House members grill VA officials over audit of Phoenix operations
WASHINGTON —Lawmakers accused Department of Veterans Affairs officials Wednesday of trying to “whitewash” the causes of death for veterans who were waiting for treatment at a VA facility in Phoenix.
An inspector general’s report released last month noted the “poor quality of care” at the Phoenix facility, but went on to say it was “unable to conclusively assert that the absence of timely quality care caused the deaths” of 40 veterans.
Under rigorous questioning by members of the House Committee on Veterans Affairs, however, some department officials backed off that claim and conceded that long wait-times may have “contributed” to the 40 deaths in Phoenix.
“We can play with semantics all we want, but right here at the table it was acknowledged by the IG’s office that the wait-lists contributed to the deaths of veterans,” said Rep. David Jolly, R-Fla.
But Acting VA Inspector General Richard Griffin stuck to his guns, telling Jolly that while wait-times “may have contributed to their death, but we can’t say conclusively it caused their death.”
Dr. Samuel Foote, the retired VA physician who first brought problems at the Phoenix facility to light, was having none of it.
“At best, this report is a whitewash,” Foote told the committee. “At worst, it is a feeble attempt at a coverup.”
Foote first alerted the committee in January that workers at the VA in Phoenix were manipulating patient-scheduling records to make it appear as if veterans were getting medical care sooner than they actually got treatment. Faster wait-times were counted in employee performance reviews and, in some cases, led to bonuses.
Problems uncovered at the Phoenix facility ultimately led to a department-wide audit that found similar problems at facilities nationwide and led to the resignation this summer of former VA Secretary Eric Shinseki.
But Wednesday’s hearing was focused specifically on the audit scheduling manipulation in Phoenix, and on one sentence in particular – the claim that the inspector general was “unable to conclusively assert” the schedule problems resulted in vets’ deaths.
Still, Griffin remained confident in his final report throughout the four-hour hearing, saing he would “let the document speak for itself.”
The report was also criticized because it did not include people on the New Enrollee Appointment Request (NEAR) list of veterans who have been scheduled for medical attention, but have not yet had an appointment.
Since those on the NEAR list had no medical records, they could not be included in the report, said John Daigh, assistant inspector general for healthcare inspections for the VA. The determination of death came from “medical records and records of hospitals,” Daigh said.

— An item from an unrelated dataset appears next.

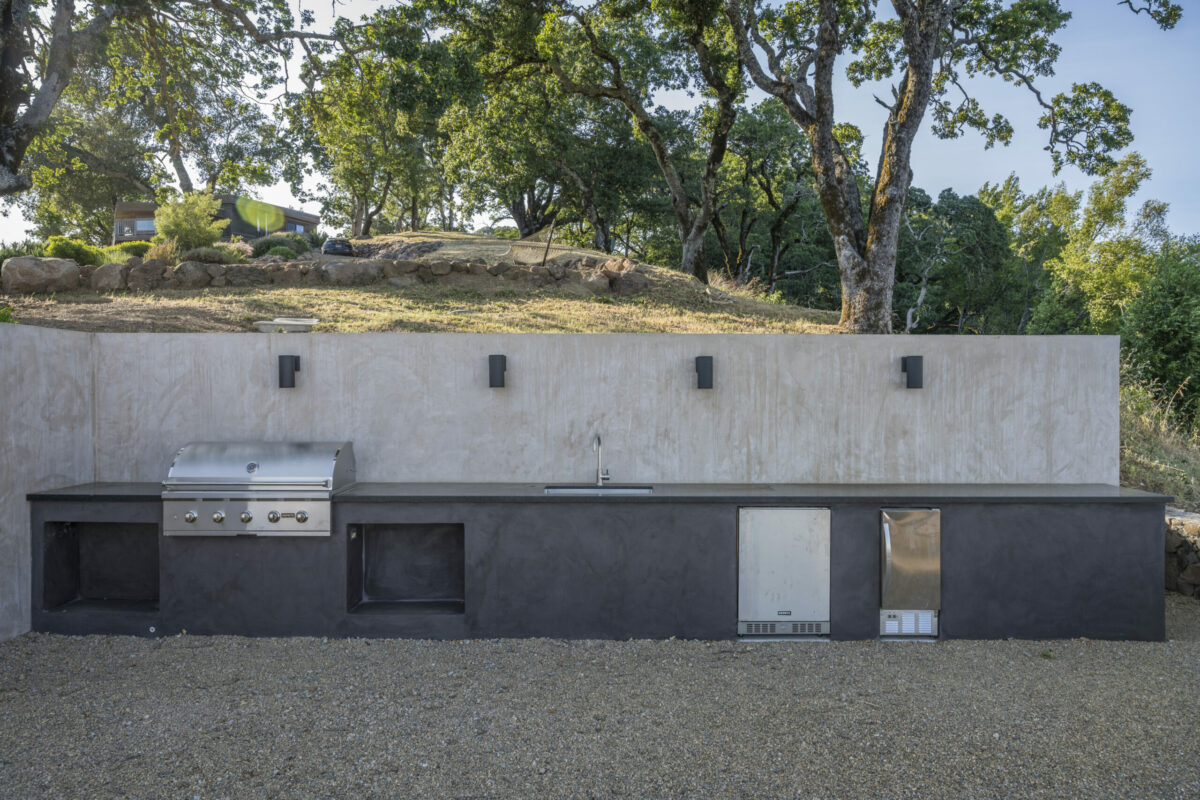 A super sleek outdoor kitchen. (Provided by Caroline Sebastiani / Sotheby’s International Realty)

That brought a sharp response from Rep. Jeff Miller, R-Fla., who noted that NEAR-list veterans did not have medical records because they were on a wait list – and should have been included in any report about long wait times.
“Nobody in this room has any faith in the VA’s ability to schedule appointments,” Miller said.
Absent from the hearing was Sharon Helman, the director of the Phoenix VA Health Care System, who was placed on leave while problems at the system are being investigated.
“Sharon Helman was also invited to appear. We reached out to her attorney, but we never received a response,” said Miller, the chairman of the committee.